No. Is the machine running Squid has both Interface for both the subnets in
order to be able to route between the two. If it is then that machine would
be the default gateway. But still you require a machanism to redirect web
trafic to the proxy server. That can be done using the Cisco Router. I dont
know how because I have not worked on Cisco, but the lines are there in the
FAQ. In order to do transparent proxy the web traffic has to be diverted to
the proxy port of your squid. simpily redirecting would not acieve

> If the above assumption is correct, this would mean all of my dial-up
> user's packets would be flowing through my FreeBSD Box, correct?

Yes if it has both interfaces and is setup to do IP forwarding. But that
would not serve the purpose.

> All I would want is to transparently proxy Web requests, no FTP (squid
> doesn't handle FTP PUTs and I don't really want to transparently proxy
> install Socks5, either). Would there be anything special I might need to
> setup in FreeBSD's /etc/rc.conf file as well? I noticed the FAQ doesn't
> mention anything about this (nor did ipfilter's home-page) but I want to
> safe than sorry.
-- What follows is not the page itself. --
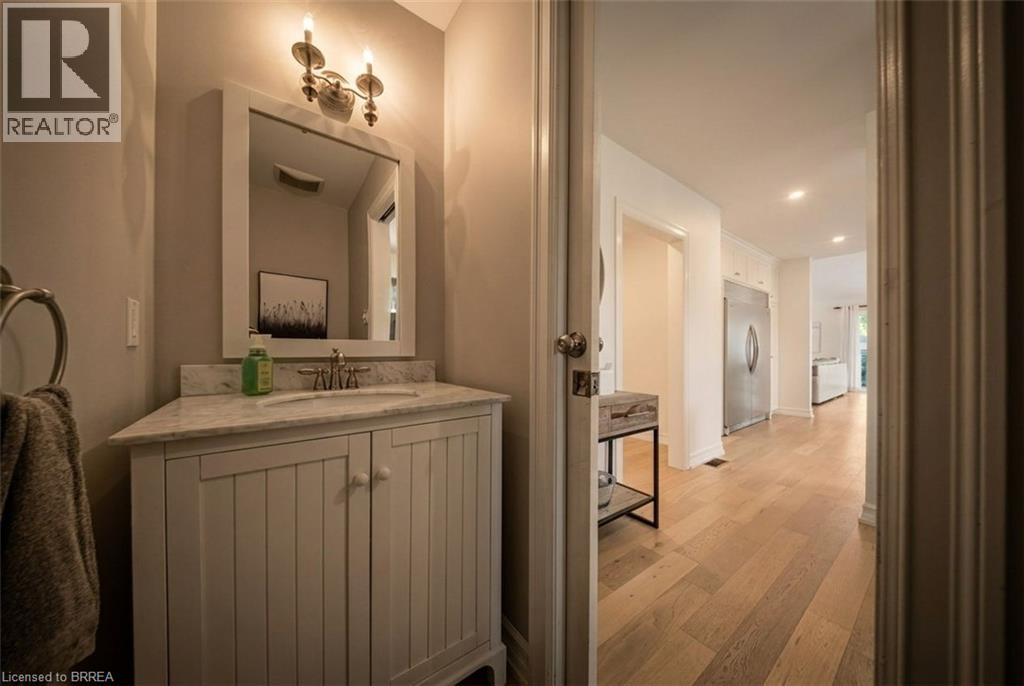 10 Reserve Street, Turkey Point, Ontario  N0E 1T0 - Photo 11 - 40853378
I'm specifically concerned about the line in FreeBSD's
> /etc/rc.conf 'gateway_enable'. Currently this variable is set to "NO"
> my initial assumptions are to set this to "YES", but since I can't find
> mention of it in the FAQ, I'm a little apprehensive. The rc.conf
> 'router_enable' is also set to "NO", too.

You need to redirect the web traffic and set up squid to do transparent
proxy so that the headers can be modified. How to setup squid to do
tansparent proxy is defined in the FAQ. I dont know the router part. Tell
me how you do it.

> <FAQ>Put these lines in /etc/ipnat.rules:
> # Redirect direct web traffic to local web server.
> rdr de0 port 80 -> port 80 tcp

This is if you have web server runnning on the local machine which is doing
IP forwarding and is a gateway between different nets.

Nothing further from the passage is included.